● **Exercise**: Word for word, please copy the listing below, with its pictures left out.

● **Supplied information**:

----------

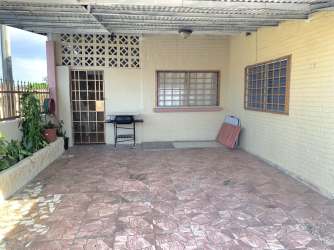 Covered patio with barbecue grill, tile flooring at Villa Zaita Panama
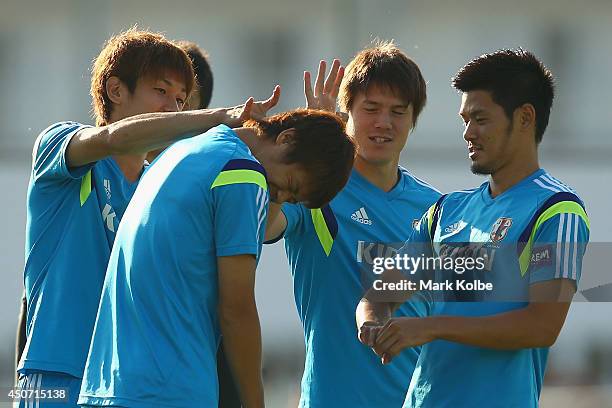 Hiroki Sakai is flicked by team mates after losing a game during warm-up for a Japan training session at the Japan national team base camp at the Spa...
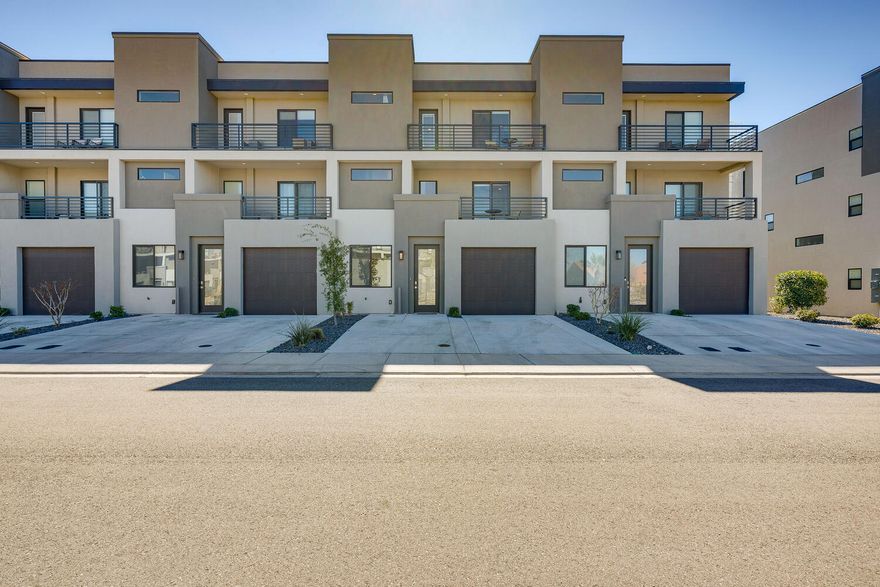 Fractional ownership opportunity - 1/8 share. Experience affordable luxury with this beautifully furnished 5-bedroom, 4.5-bath townhome, offering over 44 days of personal use each year. Enjoy the perks of vacation homeownership at a fraction of the cost, with professional management ensuring a seamless experience. Nestled in the heart of St. George, this elegant retreat delivers unforgettable getaways in a community designed for relaxation and fun. Take advantage of family-friendly amenities including a resort-style pool, splash pad, and rejuvenating hot tub—your perfect ''home base'' away from home.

----------

● **Exercise response**:
 Covered patio with barbecue grill, tile flooring at Villa Zaita Panama
 Hiroki Sakai is flicked by team mates after losing a game during warm-up for a Japan training session at the Japan national team base camp at the Spa...
 Fractional ownership opportunity - 1/8 share. Experience affordable luxury with this beautifully furnished 5-bedroom, 4.5-bath townhome, offering over 44 days of personal use each year. Enjoy the perks of vacation homeownership at a fraction of the cost, with professional management ensuring a seamless experience. Nestled in the heart of St. George, this elegant retreat delivers unforgettable getaways in a community designed for relaxation and fun. Take advantage of family-friendly amenities including a resort-style pool, splash pad, and rejuvenating hot tub—your perfect ''home base'' away from home.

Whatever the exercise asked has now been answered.